Le vittorie nel Mar Meditteraneo contro i turchi si susseguirono con numerose conquiste Ed occupò nel 1687 quasi tutto il Peloponneso. La successiva pace di Carlowitz sancì la consegna del Peloponneso alla Repubblica di Venezia. Nel 1687 riportò a Venezia come bottino di guerra alcune sculture antiche: le più note sono i Leoni del Pireo, originali d’arte greca considerati allora come immagini di particolare significato simbolico, anche per l’immediata assimilazione al Leone di San Marco; vennero collocati accanto alla Porta da Terra dell’Arsenale, cuore della produzione navale e nucleo della potenza marittima della Repubblica.
Per quanto riguarda il dogato, benchè rifiutata una candidatura nel 1684, alla morte di Marcantonio Giustinian (23 marzo 1688), il 3 aprile del 1688 venne eletto doge. La notizia gli giunse durante un assedio e, per onorarlo, la sua incoronazione avvenne tra i suoi soldati entusiasti. Tornato a Venezia solo nel 1691, il Morosini, stanco dopo tante spedizioni, poté godere di trattamenti di favore e privilegi mai concessi in precedenza.
Durante questo periodo si osservò in lui una certa vanità eccessiva, che offuscò un po’ la fama di grande uomo che aveva ottenuto con le sue vittorie, fama confermata nel 1689 dal dono dello stocco pontificio da parte del conterraneo papa Alessandro VIII, oggi conservato nel Tesoro di San Marco.
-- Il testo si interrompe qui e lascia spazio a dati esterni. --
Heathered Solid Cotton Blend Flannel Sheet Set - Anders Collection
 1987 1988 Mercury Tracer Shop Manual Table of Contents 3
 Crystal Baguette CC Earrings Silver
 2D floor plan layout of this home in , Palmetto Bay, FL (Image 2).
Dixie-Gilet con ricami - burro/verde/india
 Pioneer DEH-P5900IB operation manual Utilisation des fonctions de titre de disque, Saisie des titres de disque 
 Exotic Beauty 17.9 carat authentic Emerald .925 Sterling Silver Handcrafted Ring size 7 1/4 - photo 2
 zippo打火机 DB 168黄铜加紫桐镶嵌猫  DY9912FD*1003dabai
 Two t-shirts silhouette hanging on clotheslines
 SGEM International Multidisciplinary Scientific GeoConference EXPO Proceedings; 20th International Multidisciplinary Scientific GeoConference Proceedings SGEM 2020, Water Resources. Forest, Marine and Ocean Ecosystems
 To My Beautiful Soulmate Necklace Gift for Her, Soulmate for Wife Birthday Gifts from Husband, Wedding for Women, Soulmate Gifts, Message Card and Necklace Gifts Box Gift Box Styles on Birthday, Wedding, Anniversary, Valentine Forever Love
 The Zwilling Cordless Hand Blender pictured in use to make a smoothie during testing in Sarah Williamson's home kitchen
Ma la sua carriera militare non era finita, infatti nel maggio 1693 partì da Venezia con la sua flotta tra ali osannanti di folla, e subito si gettò a capofitto in battaglie ed assedi, riprendendo a vincere; ma l’età sopravanzava ed egli non riusciva più a reggere il peso fisico e morale d’una spedizione militare. Ammalatosi, venne portato nella città peloponnesiaca di Nauplia, dove morì il 6 gennaio 1694 a quasi 75 anni. I suoi organi interni furono sepolti nella chiesa di Sant’Antonio a Nauplia, il suo corpo nella chiesa di Santo Stefano a Venezia. Nel suo testamento lasciò la sua fortuna ai figli dei fratelli, non avendo egli discendenti diretti, solo a patto che chiamassero Francesco tutti i loro figli maschi per sempre, ultimo segno d’una vanità che viaggiava di pari passo al suo coraggio.